**Your assignment:**
When you reach a picture, pass over it; otherwise repeat the listing word for word.

**Information provided:**
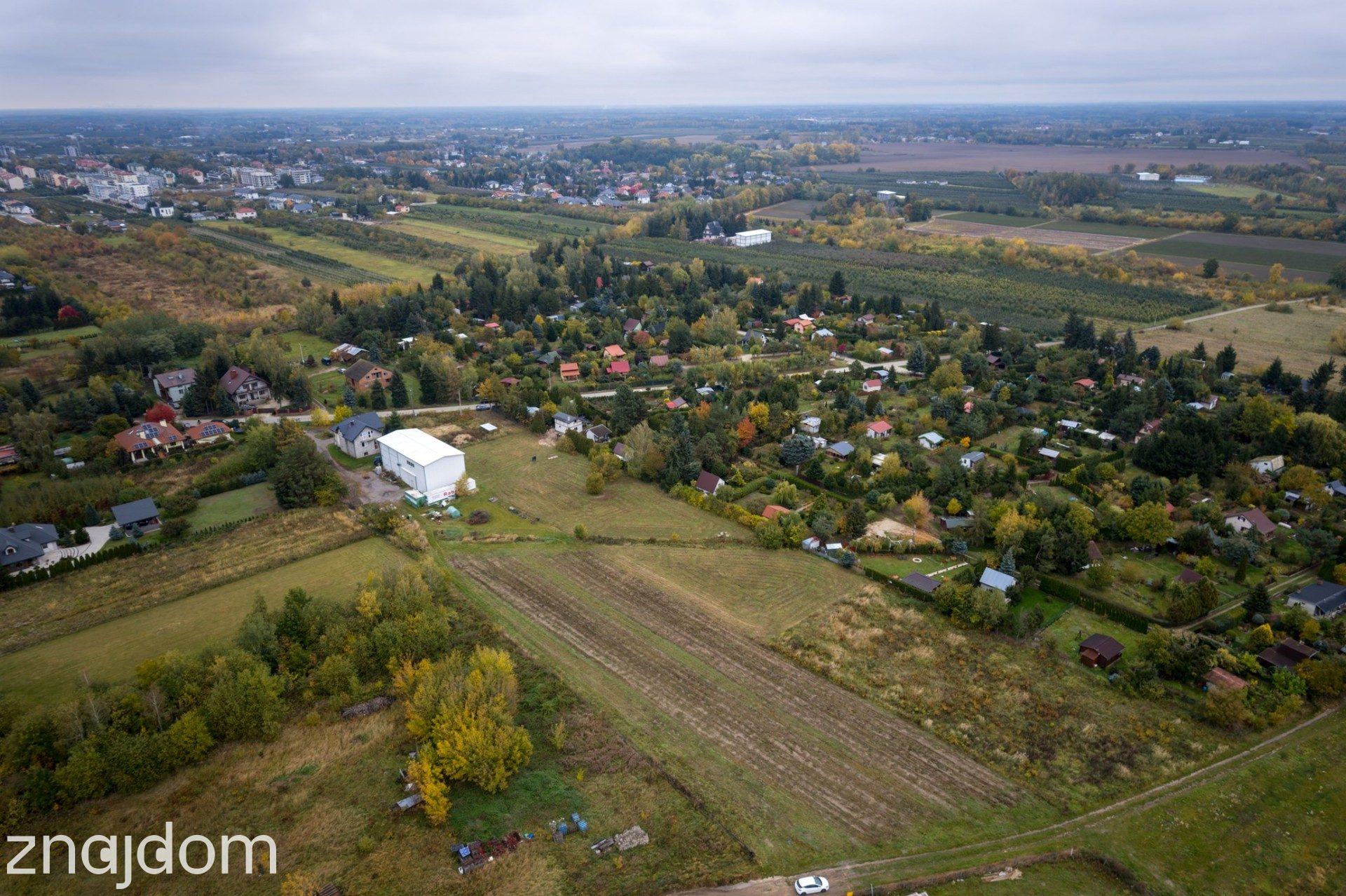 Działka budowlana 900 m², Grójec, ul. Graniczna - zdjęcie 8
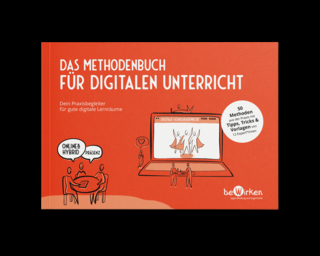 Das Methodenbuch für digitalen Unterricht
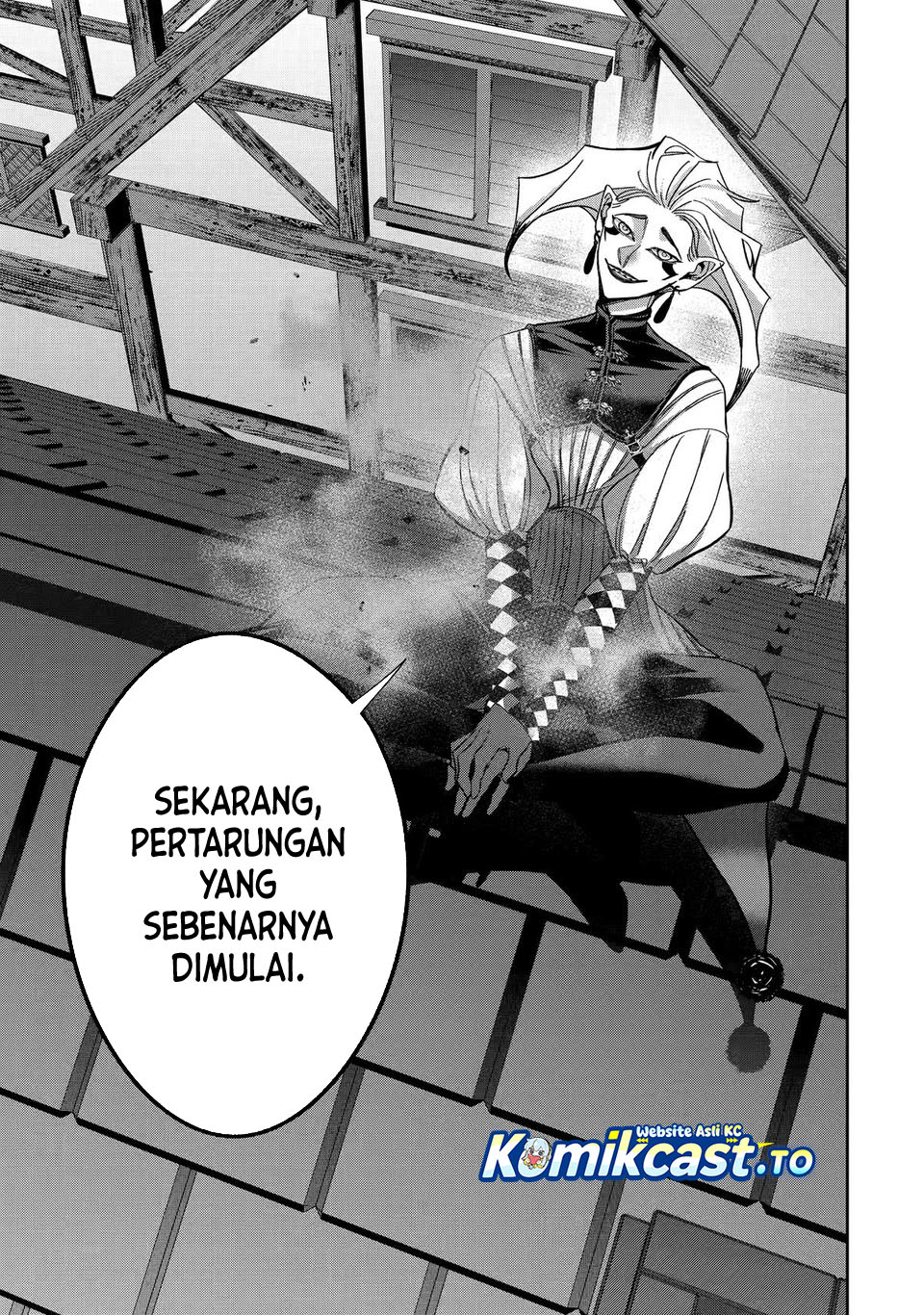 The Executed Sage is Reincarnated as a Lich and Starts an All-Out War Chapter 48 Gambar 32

**Task answer:**
 Działka budowlana 900 m², Grójec, ul. Graniczna - zdjęcie 8
 Das Methodenbuch für digitalen Unterricht
 The Executed Sage is Reincarnated as a Lich and Starts an All-Out War Chapter 48 Gambar 32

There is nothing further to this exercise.